Rustの基本的な要素であるBoxですが、よく考えてみると中々に奥深く、また、ドキュメントを読むだけでは表面的な理解にとどまってしまうため、どのような場合に使用すべきか、というところを分かりやすく掘り下げて書いてみようと思います。

Boxって何?どこで使うの?

まずは公式ドキュメントを見てみましょう。
https://doc.rust-jp.rs/rust-by-example-ja/std/box.html

Rustにおいて、すべての値はデフォルトでスタックに割り当てられます。Box<T>を作成することで、値を ボックス化 、すなわちヒープ上に割り当てることができます。ボックスとは正確にはヒープ上におかれたTの値へのスマートポインタです。

という事が書かれています。

この辺りのスタックやヒープという用語は、C/C++などのように、恒常的にメモリを直接的に操作するような言語を扱ったことが無ければピンとこないかもしれません。

ですので、まずはスタックというものについて改めて考えてみる事にします。

スタックとは?

「すべての値はデフォルトでスタックに割り当てられます。」との事ですので、それと異なる挙動となるらしいBoxというものを理解するには、そもそもスタックというのは何なのか?というところを理解する必要がありそうです。

スタックというのは、レキシカルスコープ毎に積み上げられていくメモリ領域、というイメージが近いと思います。

fn main(){
	let a=1;
	{
		let b=1;
	}
	let c=1;
}

このようなコードがあった場合に、スタックの状態は次のように変化します。

2行目(let a=1;)
a

4行目(let b=1;)
b
a

5行目(})
a

6行目(let c=1;)
c
a

5行目のスコープを抜けたときに、変数bはもはやどこからも参照されず不要となりますので、メモリからも削除されるべきです。
このように、スコープを失った場合にメモリから削除する、という事が、このスタック構造の場合は、上に積まれているものを削除するだけでよいので合理的です。

また、上記の例では書いていませんが、関数を呼び出して戻ってくるときも、{}で囲んだ場合と同じような状態になるはずです。

ヒープとは?

Boxを使うと、スタックではなくヒープ上に割り当てる、と記載されています。
ヒープとは、スタックとは関係ないところに確保される領域のことです。
具体的にどこなのかは、OSが適当に割り当ててくれるので、プログラマが気にする必要はありません。

Boxをいつ使うのか?

正直、使うケースは少ないと思います。
スタックに積めばいいものをわざわざヒープに確保する事は無駄です。

しかし、使った方が良い、というか使わなければいけないケースというのもまれにあります。

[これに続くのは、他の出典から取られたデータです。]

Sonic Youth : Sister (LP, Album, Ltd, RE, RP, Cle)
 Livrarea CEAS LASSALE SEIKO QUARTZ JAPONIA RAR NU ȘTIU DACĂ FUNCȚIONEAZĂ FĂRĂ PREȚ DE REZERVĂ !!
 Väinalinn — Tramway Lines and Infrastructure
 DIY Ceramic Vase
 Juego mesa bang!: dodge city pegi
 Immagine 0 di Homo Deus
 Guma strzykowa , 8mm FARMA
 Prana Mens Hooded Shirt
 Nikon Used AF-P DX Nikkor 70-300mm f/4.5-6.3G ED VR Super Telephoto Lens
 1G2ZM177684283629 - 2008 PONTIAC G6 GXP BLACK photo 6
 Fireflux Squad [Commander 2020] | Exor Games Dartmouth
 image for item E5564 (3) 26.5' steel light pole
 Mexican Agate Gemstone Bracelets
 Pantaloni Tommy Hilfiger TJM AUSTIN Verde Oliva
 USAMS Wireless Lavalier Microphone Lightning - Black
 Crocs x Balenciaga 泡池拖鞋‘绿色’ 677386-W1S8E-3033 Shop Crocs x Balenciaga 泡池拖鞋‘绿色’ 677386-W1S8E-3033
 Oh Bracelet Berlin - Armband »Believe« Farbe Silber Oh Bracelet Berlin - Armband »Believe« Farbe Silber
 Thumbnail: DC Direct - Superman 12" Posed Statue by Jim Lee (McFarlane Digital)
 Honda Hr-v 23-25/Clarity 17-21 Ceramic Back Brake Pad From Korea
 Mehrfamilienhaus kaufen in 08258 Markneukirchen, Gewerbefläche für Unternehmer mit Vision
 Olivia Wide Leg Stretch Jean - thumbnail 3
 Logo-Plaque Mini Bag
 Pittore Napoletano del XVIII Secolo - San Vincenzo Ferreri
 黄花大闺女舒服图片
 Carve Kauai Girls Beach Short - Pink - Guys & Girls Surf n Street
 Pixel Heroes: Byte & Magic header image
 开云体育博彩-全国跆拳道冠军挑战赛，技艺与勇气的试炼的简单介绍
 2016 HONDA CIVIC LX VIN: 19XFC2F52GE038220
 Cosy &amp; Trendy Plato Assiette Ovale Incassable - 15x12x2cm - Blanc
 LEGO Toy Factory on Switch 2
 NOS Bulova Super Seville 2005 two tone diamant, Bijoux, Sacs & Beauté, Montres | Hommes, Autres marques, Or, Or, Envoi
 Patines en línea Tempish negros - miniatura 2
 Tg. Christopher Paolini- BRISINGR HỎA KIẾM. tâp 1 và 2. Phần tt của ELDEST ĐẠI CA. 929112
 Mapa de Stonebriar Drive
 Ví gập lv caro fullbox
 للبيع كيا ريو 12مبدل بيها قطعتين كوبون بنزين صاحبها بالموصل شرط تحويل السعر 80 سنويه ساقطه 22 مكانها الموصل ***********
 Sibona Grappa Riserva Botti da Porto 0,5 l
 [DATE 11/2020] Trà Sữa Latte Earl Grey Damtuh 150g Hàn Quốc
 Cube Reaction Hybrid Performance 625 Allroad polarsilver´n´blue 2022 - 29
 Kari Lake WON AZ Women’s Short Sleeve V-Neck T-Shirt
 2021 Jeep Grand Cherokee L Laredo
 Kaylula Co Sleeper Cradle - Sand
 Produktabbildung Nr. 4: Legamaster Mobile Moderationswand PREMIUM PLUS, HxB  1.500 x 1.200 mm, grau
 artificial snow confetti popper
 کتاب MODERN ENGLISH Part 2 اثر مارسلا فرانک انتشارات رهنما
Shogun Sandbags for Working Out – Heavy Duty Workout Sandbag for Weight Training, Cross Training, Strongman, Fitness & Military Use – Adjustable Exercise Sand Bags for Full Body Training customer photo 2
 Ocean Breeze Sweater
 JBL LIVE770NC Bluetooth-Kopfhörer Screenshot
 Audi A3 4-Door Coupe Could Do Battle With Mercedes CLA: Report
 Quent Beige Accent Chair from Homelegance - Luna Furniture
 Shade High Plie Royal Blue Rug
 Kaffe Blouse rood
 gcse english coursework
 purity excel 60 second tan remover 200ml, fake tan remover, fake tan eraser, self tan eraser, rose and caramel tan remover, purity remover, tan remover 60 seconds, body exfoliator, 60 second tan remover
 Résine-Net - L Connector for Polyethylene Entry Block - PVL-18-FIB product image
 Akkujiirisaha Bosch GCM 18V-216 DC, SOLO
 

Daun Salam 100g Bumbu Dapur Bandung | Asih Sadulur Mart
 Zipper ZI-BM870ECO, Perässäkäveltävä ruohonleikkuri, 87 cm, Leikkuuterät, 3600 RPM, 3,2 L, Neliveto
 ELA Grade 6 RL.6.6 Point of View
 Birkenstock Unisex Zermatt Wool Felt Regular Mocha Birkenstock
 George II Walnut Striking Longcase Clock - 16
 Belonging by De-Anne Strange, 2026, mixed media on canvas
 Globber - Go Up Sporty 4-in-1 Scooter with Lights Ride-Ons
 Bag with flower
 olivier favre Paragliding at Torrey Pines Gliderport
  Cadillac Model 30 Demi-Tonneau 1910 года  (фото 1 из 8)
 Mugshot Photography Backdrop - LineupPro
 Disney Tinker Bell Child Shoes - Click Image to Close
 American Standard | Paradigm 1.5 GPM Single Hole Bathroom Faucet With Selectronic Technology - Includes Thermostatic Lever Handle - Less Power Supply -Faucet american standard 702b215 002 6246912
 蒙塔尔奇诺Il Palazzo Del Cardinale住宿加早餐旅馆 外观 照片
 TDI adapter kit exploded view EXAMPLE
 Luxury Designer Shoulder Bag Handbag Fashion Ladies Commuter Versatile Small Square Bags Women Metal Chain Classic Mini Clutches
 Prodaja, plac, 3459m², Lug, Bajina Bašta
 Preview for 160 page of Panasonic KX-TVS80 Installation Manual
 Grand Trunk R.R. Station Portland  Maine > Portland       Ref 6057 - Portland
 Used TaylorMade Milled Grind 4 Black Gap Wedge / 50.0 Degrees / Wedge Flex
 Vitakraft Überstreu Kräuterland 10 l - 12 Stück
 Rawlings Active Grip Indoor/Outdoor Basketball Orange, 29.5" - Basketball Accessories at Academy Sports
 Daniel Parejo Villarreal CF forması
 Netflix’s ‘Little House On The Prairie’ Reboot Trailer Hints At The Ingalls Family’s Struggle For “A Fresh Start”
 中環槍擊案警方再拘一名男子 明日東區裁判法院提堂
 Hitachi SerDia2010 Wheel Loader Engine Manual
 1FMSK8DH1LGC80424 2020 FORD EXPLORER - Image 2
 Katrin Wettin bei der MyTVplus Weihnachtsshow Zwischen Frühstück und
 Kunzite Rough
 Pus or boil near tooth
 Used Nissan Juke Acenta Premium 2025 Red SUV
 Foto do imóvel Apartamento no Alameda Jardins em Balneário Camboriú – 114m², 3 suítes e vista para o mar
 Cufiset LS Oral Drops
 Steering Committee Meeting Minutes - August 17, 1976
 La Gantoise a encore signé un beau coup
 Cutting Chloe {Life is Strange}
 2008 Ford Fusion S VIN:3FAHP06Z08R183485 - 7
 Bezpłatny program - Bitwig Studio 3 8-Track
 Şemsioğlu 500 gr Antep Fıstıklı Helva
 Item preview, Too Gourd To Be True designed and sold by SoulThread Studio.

まず一つ目が、traitオブジェクトを関数の戻り値として返すような場合です。

fn hoge()->Box<dyn t>

このような場合、戻り値のtはtrait tを実装したオブジェクトとなるので、実行時にサイズが決定されます。
スタックに値を積む場合、コンパイル時にサイズが決定されている必要があります。
ところが、Boxを使うとヒープ上に確保されたメモリへの参照(=ポインタ)のサイズとなるため、コンパイル時に(スタックに積むべき)サイズが固定となります。

つまり、Boxを使うとコンパイル時にサイズが決定できる、という性質があるため、このようにtraitオブジェクトを返す用途以外にも、trait境界にSizedが指定されている引数を渡すような場合にBoxで包む事で渡す事ができるようなったりします。

よくある?のが、(ジェネリックではない)struct内にdynでtraitオブジェクトを持たせたい場合、つまりstruct内のオブジェクトを実行時に動的に変える必要があるケース、例えば

struct Hoge{
	fuga:Box<dyn Fuga>
}

というような事をしたい場合です。
Boxを使わなければ、Hoge全体がSizedではなくなってしまうので、trait境界でSizedが要求される場合に、Hogeオブジェクトを渡せない、という事態が発生します。
Boxを使えばSizedになってくれるので、そういう事態も防ぐことができます。

他に、Boxを使った方が良いケースはとして、値を生成した後にメモリアドレスが変わってほしくない場合です。
Rustではメモリアドレスを意識しないといけないケース自体が稀だと思うのですが、C/C++などで作られたライブラリの関数を呼び出す場合に、ポインタ(メモリアドレス)を渡す場合があります。

例えば、

struct Hoge{
	a:Fuga
}
impl Hoge{
	fn new()-> Hoge{
		let a=Fuga::new();
		c_func(&a as *const Fuga as *mut c_void);//ここでCのポインタに変換して渡す
		Hoge{
			a
		}
	}
}
fn main(){
	let hoge=Hoge::new();
}

このようなコードを書くと、new()を抜けた時点でaのアドレスが変わり、
c_funcが、かつてのaのアドレスを参照した時点でACCESS_VIOLATIONが発生するでしょう。

なぜこれでaのアドレスが変わってしまうのか?

これはスタックの仕組みをよく考えれば当然の事で、
Hoge::new()の中でaが一旦確保されますが、new()内でスタックに積まれた変数はnewの呼び出し元に戻った時点で一旦すべて消えます。
そして、Hogeオブジェクトがスタックに新たに積まれることになり、別のアドレスに移動させられているのです。

Boxを使えばこのような事を防ぐことができます。

struct Hoge{
	a:Box<Fuga>
}
impl Hoge{
	fn new()-> Hoge{
		let a=Box::new(Fuga::new());
		c_func(a.deref() as *const Fuga as *mut c_void);//ここでCのポインタに変換して渡す
		Hoge{
			a
		}
	}
}
fn main(){
	let hoge=Hoge::new();
}

このように書き直せば、Boxの中身はヒープ上に確保されるため、スタック内での値の移動という状況から逃れることができます。